Private Transfer Fees Now Against the Law in Washington and 20 other states
April 29th, 2011Private Transfer Fees are now against the law in Washington. Governor Chris Gregoire recently signed SB 5115: One of Washington REALTORS®’ top priorities, it eliminates fees imposed by developers to generate a future income stream whenever the property is bought and sold. Washington now joins more than 20 other states that have passed similar legislation. The bill has an emergency clause and thus, goes into effect the day the Governor signed the bill.
It seems, for the past ten years or so, developers would attach a rider to a title for a property. When the original buyer sold that property a fee was assessed and the developer received that. I think the fee in most cases was 1%. On the average house in some developments that would be about $5,000. Hundreds of homes were affected and subsequently hundreds of thousands of dollars had to be paid to developers, long since out of the project. Yet people buying their first home will go to a construction site and buy a property from the site agent, the agent paid by the seller to get a really good deal for the seller.
People, it’s time to wake up. If you are a buyer, get a buyer’s agent. That step will save you money.
How Much Will Zillow Cost You?
April 26th, 2011How much will Zillow add to the cost of a home. You may wonder why I ask that. Doesn’t seem to make sense. Well, here’s the scoop from my point of view.
It costs so much to run a real estate business. That fluctuates slightly and has trended down over the last few years. You may argue that particular instances cost less but discount companies have come and for the most part gone or revised their business model to look a lot like other, stable companies. It’s called the cost of doing business.
So what is Zillow doing that will raise the cost to you, the consumer? Two things for starters. First: They are in the news making an effort to raise $52,000,000 in an IPO. And Second: They have a new landing page.

It looks very much like Zillow wants to be the place where you go to look for a house AND it looks like Zillow wants to be the place you go to get a home loan. And, because of their funky Zestimates and Zest-a-rents they have captured a large share of the viewing public.
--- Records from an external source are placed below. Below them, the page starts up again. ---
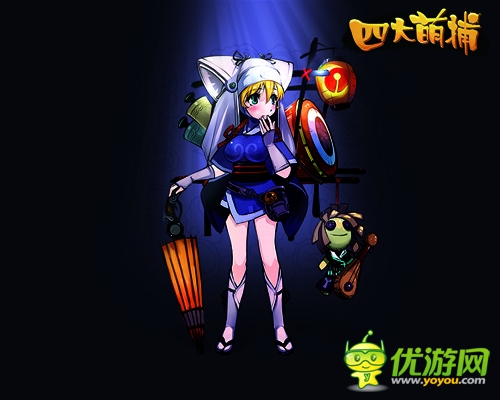 愚人節(jié)整蠱《四大萌捕》武器賣你一臉萌血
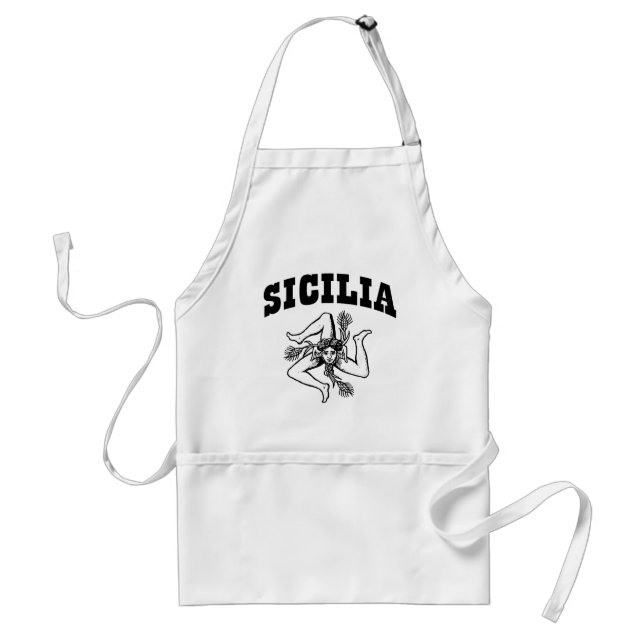 Sicilia Schürze (Vorne)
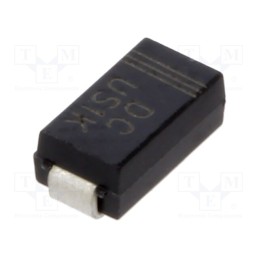10 pcs : US1K - Diode: rectifying, SMD, 800V, 1A, 100ns, SMA, Ufmax: 1.7V, Ifsm: 30A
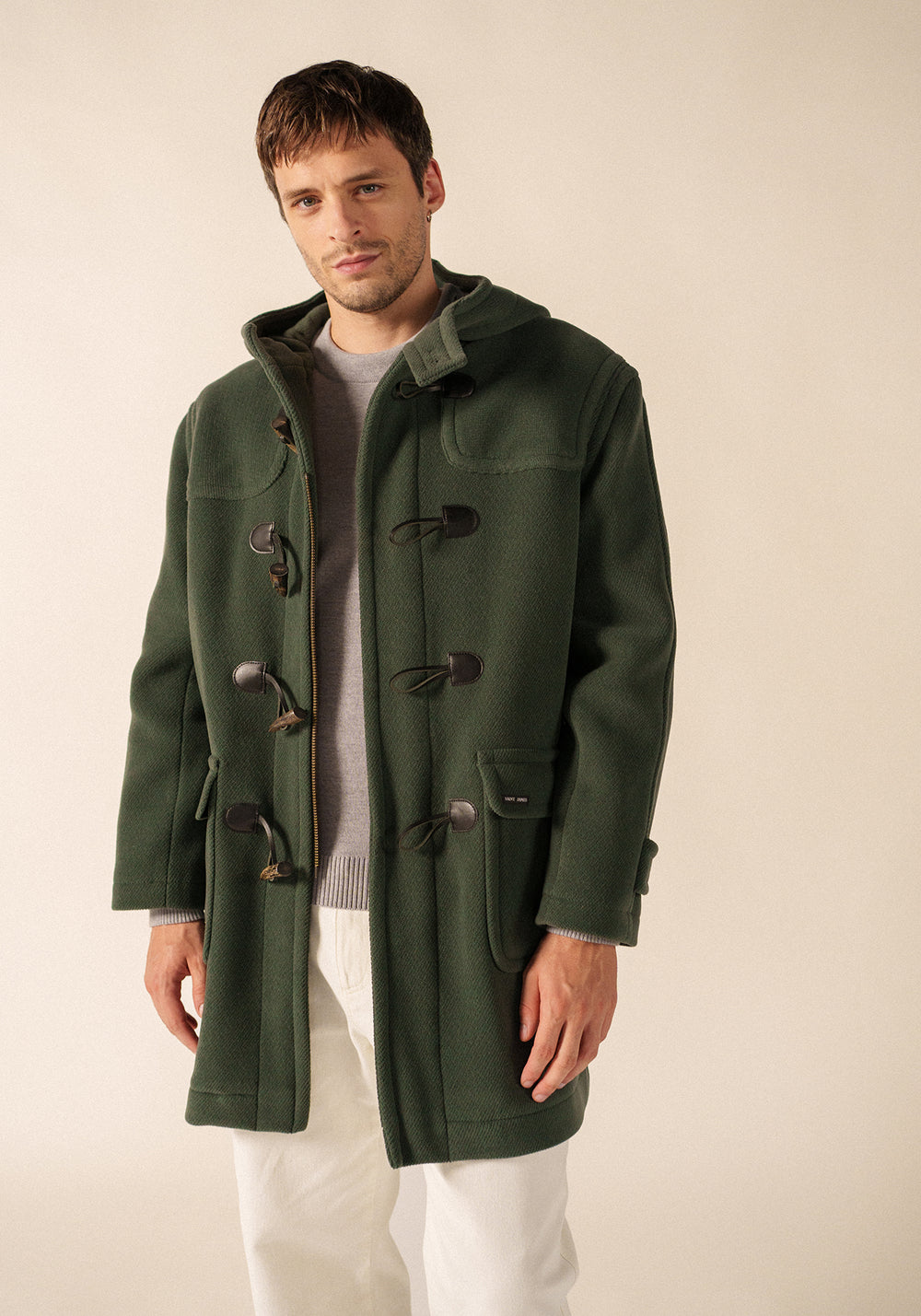 Duffle-coat Saturne (VEGETAL)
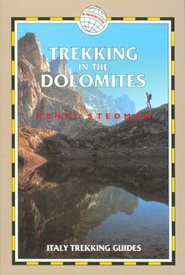 Wandelgids - Opruiming Trekking in the Dolomites | Cicerone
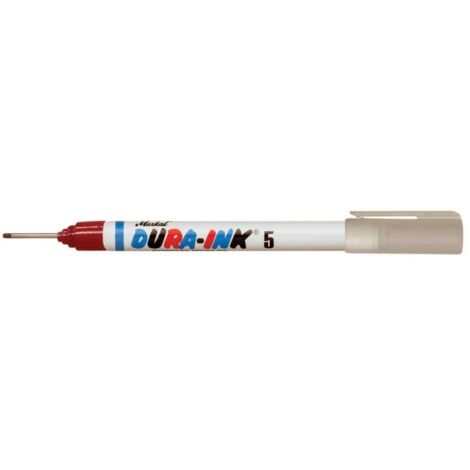 Mikrospitzenmarker, rot, Dura-Ink 5  Markal 140096522
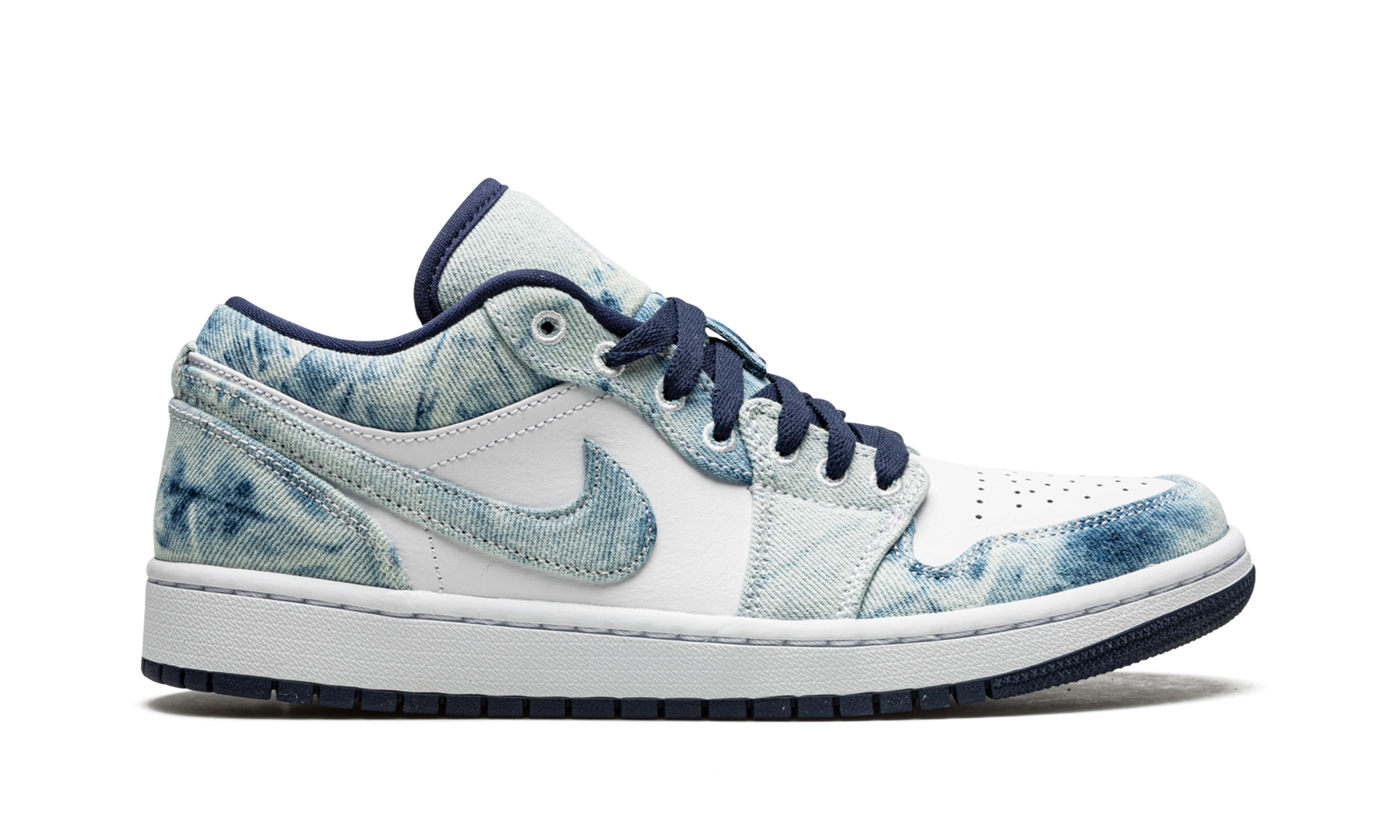 Air Jordan 1 Low SE Washed Denim CZ8455 100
They don’t claim that they are very accurate. They just found a way to give the public something for nothing, and the public bought in.
But why do I keep saying it will cost home buyers and sellers more now? Isn’t Zillow free? Yes, my friends Zillow is free for you. But Zillow will be directing you with advertising to agents and lenders who pay Zillow to feature those agents and lenders on the site. And how do agents and lenders stay in business? They pass the cost of doing business on the their customers.
What can you do?
You can use the Zillow model if you want and you can think you are getting a discount, because it may say you are getting a discount, but someone has to pay for the advertising, and we know who that will be.
How’s That Again? The Appraisal Fee is What?
April 17th, 2011Over the past few years, the housing market has been pretty well shaken up. Blame was assigned here and there and there were many advocates stomping around trying to help the consumer. One such effort was designed to find a way to keep banks and appraisers from coming up with bogus appraisals.
So I recommend reading Kenneth Harney’s article Housing: Appraisal Fees Fatten Lenders; why it matters. IT seems to me that the banks threatened the appraisers with no work if they didn’t come in with the right values back in 2004-2007, and then when the crush came blamed the appraisers for what they forced them to do. Now the “clearing house” filter to keep banks and appraisers at arms length is working against the appraiser (they make less on each appraisal) and in favor of the banks (they charge what they want because so few people question the charges).
Read the article. Be proactive and question all of the fees on the settlement station. You deserve to know where you money is going and why.